Getting to the bottom of the Python import system

Mon Jan 16 2023E.W.Ayers

What happens when you type import foo.bar.baz in Python? The answer is really complicated! Read this if you've ever found yourself asking:

"Oh my goodness why can't python find my project?"
"Argh how do I import stuff in test files?"
"Why am I getting inscrutible import errors?"

The complexity comes from:

Modules don't have to be backed by a python file.
Modules can have names that are different to their path on disk.
The same module can be broken across multiple packages.
There is no standard way of thinking about python environments
There is no standard way to package python projects into reusable libraries.
A lot of the implementation details of the module importing system are changed between different versions of python. All of the deprecated constructs are still in there cluttering up importlib and the docs. In this guide I'm going to pretend the deprecated stuff doesn't exist.

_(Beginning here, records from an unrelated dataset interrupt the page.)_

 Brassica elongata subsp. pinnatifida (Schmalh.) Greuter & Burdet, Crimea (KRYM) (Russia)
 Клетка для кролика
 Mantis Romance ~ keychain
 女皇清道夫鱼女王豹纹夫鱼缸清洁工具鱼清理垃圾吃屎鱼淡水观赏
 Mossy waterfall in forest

Recommended reading is Chapter 5 of the Python Language Reference.

0.1. What is a module?

A python module is a python object with type ModuleType. Every module has a __name__ attribute. Modules live in a dictionary called sys.modules.

0.2. What is a package?

A package is a module with a __path__ attribute. The idea is that a package is a module that can contain other modules. If a module m is a member of a package p, we have m.__package__ == p .

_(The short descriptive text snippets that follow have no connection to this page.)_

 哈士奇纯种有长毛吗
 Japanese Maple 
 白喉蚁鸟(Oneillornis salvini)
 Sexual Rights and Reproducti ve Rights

1. What happens when you import?

We'll come back to relative imports. When you type import foo.bar.baz as x, this is semantic sugar for x = importlib.import_module('foo.bar.baz'). If we were to reimplement import_module, it would look something like this:

Check the sys.modules cache to see if it's already there.
Resolve the module by calling importlib.util.find_spec(name), to return a thing called a ModuleSpec. A module spec is a load of metadata about the module and a Loader object that decides how the module object is created and initialised.
Create the module using the given Loader object
Add metadata attributes like __name__ to the module
Add it to sys.modules
Initialise the module.
Return the module

In pseudo-python:

(1)

def import_module(name : str):
	# if the module is already loaded in the
	# sys.modules cache, just return that
	if name in sys.modules:
	  m = sys.modules.get(name)
	  assert m is not None
	  return m
	# resolve the module name
    spec : ModuleSpec = importlib.util.find_spec(name)
    if spec is None:
      # we couldn't find the module with that name.
      raise ModuleNotFoundError()
    # create the module
    module = spec.loader.create_module(spec)
    # add metadata attributes to module:
    # ie __name__, __spec__, __package__, __file__, ...
    _init_module_attrs(spec, module)
    sys.modules[name] = module
    # initialise the module
    spec.loader.exec_module(module)
    return module

Caveats:

If sys.modules.get(name) is None, then it will always throw a ModuleNotFound error
If spec.loader.exec_module(m) raises an exception, we delete the module from sys.modules before reraising.
Implementation of _init_module_attrs.
Python docs on loading
It's possible to make a spec without a loader or without the loader having create_module. Eg. legacy loaders use load_module. There is some omitted logic for dealing with these cases. If you need to create a module from a spec (ie everything before the sys.modules[name] = module line), you should use importlib.util.module_from_spec (source).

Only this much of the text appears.